Aunque en la práctica las geishas han ido desapareciendo poco a poco, aún se mantiene la tradición que ha evolucionado a través del tiempo. No es muy común toparte con una geisha en Gion, pero para mi suerte, pude ver a una entrando a una ochaya. Mi perspectiva de Kioto estaba influida, como dije antes, por la fotografía de la película de Memorias de una geisha, varias de cuyas escenas se filmaron aquí. Obviamente, no pensé que me encontraría a una en cada esquina, pero mientras fotografiaba lámparas colgantes y pósters de espectáculos de geishas de moda en el distrito, tuve la oportunidad de ver a una hermosa japonesa vestida con su largo kimono que denotaba su clase, su maquillaje intacto, sus labios rojos, su esbelto cuerpo y delicado peinado; caminaba rápidamente evadiendo los flashes de los turistas que la rodeábamos. No me quedó más que bajar la cámara y dejarla cruzar sin perseguirla con mi lente cual paparazzi.
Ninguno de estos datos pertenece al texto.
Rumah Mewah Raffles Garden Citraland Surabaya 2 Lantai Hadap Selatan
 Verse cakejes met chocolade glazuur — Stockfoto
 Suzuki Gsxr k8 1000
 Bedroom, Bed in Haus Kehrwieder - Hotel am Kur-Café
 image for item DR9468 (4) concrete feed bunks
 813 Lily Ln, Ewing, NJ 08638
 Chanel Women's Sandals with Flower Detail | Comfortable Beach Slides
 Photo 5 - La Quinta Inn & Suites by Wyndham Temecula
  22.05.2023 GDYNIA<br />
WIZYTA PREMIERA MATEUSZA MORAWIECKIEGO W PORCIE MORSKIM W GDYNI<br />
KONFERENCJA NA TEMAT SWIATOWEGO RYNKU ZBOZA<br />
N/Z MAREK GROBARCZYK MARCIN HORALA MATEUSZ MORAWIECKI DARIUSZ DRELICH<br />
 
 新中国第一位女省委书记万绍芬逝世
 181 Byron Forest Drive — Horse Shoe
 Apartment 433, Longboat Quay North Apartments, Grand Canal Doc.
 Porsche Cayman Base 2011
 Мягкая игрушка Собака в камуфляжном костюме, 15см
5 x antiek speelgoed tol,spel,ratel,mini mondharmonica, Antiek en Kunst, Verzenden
La admiré mientras cruzaba la calle, seguida de una niña que no iba arreglada y que cargaba un bolso grande de seda. Hay veces que ameritan dejar de ser turista por un momento, bajar el mapa, guardar la cámara y simplemente admirar lo que uno está presenciando. Poder vivir en ese momento y suspender el pensamiento para absorber la actividad.
Lamentablemente, no estuve en la época en la que los cerezos florecen, pero Kioto, aun así, te llena de vistas espectaculares. Desde los templos, varios de ellos patrimonio de la humanidad, la cultura, los festivales, la comida y las tradiciones, Kioto complementó maravillosamente mi corta estancia en Japón, y claro, me dejó el deseo de volver y conocer más de lo que este país puede enseñarnos.